Elijah almost grinned. Aunt Maud had been right when she said she was bringing the girl up out of the pits. She was hot-tempered, hot-looking, and there was no way she would ever let herself sink into the depths of despair again. Not Sophie! She was a full-fledged bag of pure sass.

“You don’t mention my ponytail, and I’ll keep quiet about your Irish-Afro hairdo,” he said.

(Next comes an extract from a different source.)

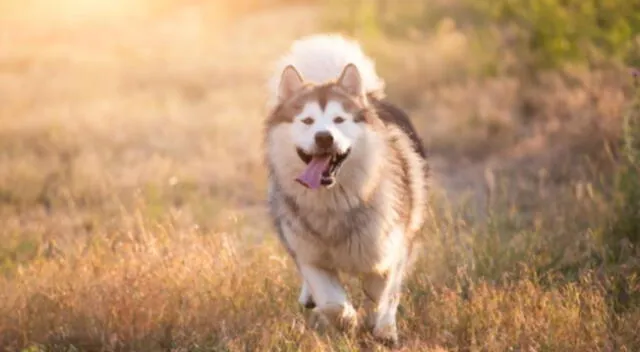 Cachorro intenta imitar el aullido de un lobo pero quedó sorprendido al escuchar como un animal verdadero le responde con mismo aullido.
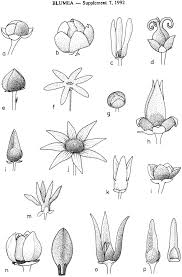 Image result for Annonaceae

“You got a deal. You want something to eat, get after it. There’s the microwave.” She carried her food out the back door to the deck, where she sat down in a lounge chair and propped her feet up. She’d never felt so alive in her life. Maybe she should eat kraut every day.

CHAPTER THREE

Sophie was sitting at the kitchen table, laptop in front of her, along with a cup of steaming black coffee and an empty plate. The aroma of bacon and hot biscuits filled Elijah’s nose when he stumbled into the room at five o’clock.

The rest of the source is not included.